During the first half of the nineteenth century, Americans looked for signs of an emerging cultural style distinct from European precedents. American artists flocked to Niagara Falls to capture on canvas a sight that was truly American.
America’s leading man of letters, Ralph Waldo Emerson, called for a new kind of poet, an American bard who would create a new kind of poetry.
“For it is not metres, but a metre-making argument, that makes a poem, – a thought so passionate and alive, that, like the spirit of a plant or an animal, it has an architecture of its own, and adorns nature with a new thing.”
~Ralph Waldo Emerson, “The Poet” (1844)
While many American poets abandoned European subjects, they continued to follow European conventions of form. Whitman, who had discovered Emerson’s work in the early 1850s, abandoned these conventions, opening the line of the poem to allow greater freedom of expression. He later said: I was simmering, simmering, simmering; Emerson brought me to a boil.
Whitman sent Emerson a copy of the new book and received the following reply:
Concord, Massachusetts, 21 July, 1855
Dear Sir,
I am not blind to the worth of the wonderful gift of Leaves of Grass. I find it the most extraordinary piece of wit and wisdom that America has yet contributed…I greet you at the beginning of a great career….
~Ralph Waldo Emerson
The rhythmic cadences of Leaves of Grass, America’s first epic poem, reflect the influence of the King James version of the Bible. Expressing the optimism of “manifest destiny” and the emerging importance of individual experience, Whitman addresses the world as a prophet of a new kind of poetry:
Have you reckon’d a thousand acres much? have you reckon’d the earth much?

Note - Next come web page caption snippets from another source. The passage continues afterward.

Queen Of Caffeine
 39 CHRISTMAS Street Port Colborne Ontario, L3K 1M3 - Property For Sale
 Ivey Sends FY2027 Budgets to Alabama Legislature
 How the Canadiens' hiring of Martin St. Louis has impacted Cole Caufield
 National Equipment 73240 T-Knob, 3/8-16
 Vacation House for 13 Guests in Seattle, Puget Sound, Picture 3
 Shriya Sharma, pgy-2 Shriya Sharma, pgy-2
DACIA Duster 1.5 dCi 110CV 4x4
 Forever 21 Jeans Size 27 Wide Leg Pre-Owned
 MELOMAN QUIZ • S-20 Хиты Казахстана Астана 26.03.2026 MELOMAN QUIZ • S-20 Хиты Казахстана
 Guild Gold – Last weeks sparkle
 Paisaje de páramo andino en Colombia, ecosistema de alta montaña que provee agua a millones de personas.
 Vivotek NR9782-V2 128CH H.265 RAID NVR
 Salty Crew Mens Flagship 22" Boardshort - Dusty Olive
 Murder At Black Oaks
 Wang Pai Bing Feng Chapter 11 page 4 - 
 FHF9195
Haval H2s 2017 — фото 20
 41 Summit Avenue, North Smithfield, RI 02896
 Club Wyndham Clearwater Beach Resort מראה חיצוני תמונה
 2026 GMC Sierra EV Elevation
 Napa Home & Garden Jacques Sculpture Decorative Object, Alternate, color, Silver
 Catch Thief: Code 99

Have you practis’d so long to learn to read?
Have you felt so proud to get at the meaning of poems?
Stop this day and night with me and you shall possess the origin of all poems,
You shall possess the good of the earth and sun, (there are millions of suns left,)
You shall no longer take things at second or third hand, nor look through the eyes of the dead, nor feed on the spectres in books,
You shall not look through my eyes either, nor take things from me,
You shall listen to all sides and filter them from your self.
~ Walt Whitman, Song of Myself
In 1862, shocked by the news that his brother George, a colonel in the Union Army, had been wounded, Whitman left New York for Washington, D.C., where he spent the remainder of the war working as a nurse in the field hospitals. Unlike most prominent writers of the period, Whitman witnessed first-hand the suffering of the war. Lincoln’s assassination had a profound impact on Whitman. From his grief came the greatest literary work of the Civil War period, the American elegy, When Lilacs Last in the Dooryard Bloom’d:
When lilacs last in the door-yard bloom’d,
And the great star early droop’d in the western sky in the night,
I mourn’d and yet shall mourn with ever-returning spring.
Ever-returning spring, trinity sure to me you bring;
Lilac blooming perennial, and drooping star in the west,
And thought of him I love…
During his years in Camden, Whitman continued to edit and expand Leaves of Grass. In addition to his poetry, Whitman published major prose works during these years: Specimen Days and Collect (1882) and November Boughs (1888). Whitman’s faithful companion during his final years and later his biographer, Horace Traubel, visited Whitman regularly and recorded with great detail the last years of the poet’s life. In 1891, Horace helped Whitman publish the ninth and final version of Leaves of Grass. This, with the annex of a collection of recent poems titled Good-bye My Fancy, was to be the definitive form of Whitman’s great work. Whitman died at his home on March 26, 1892. He was buried at Harleigh Cemetery in Camden.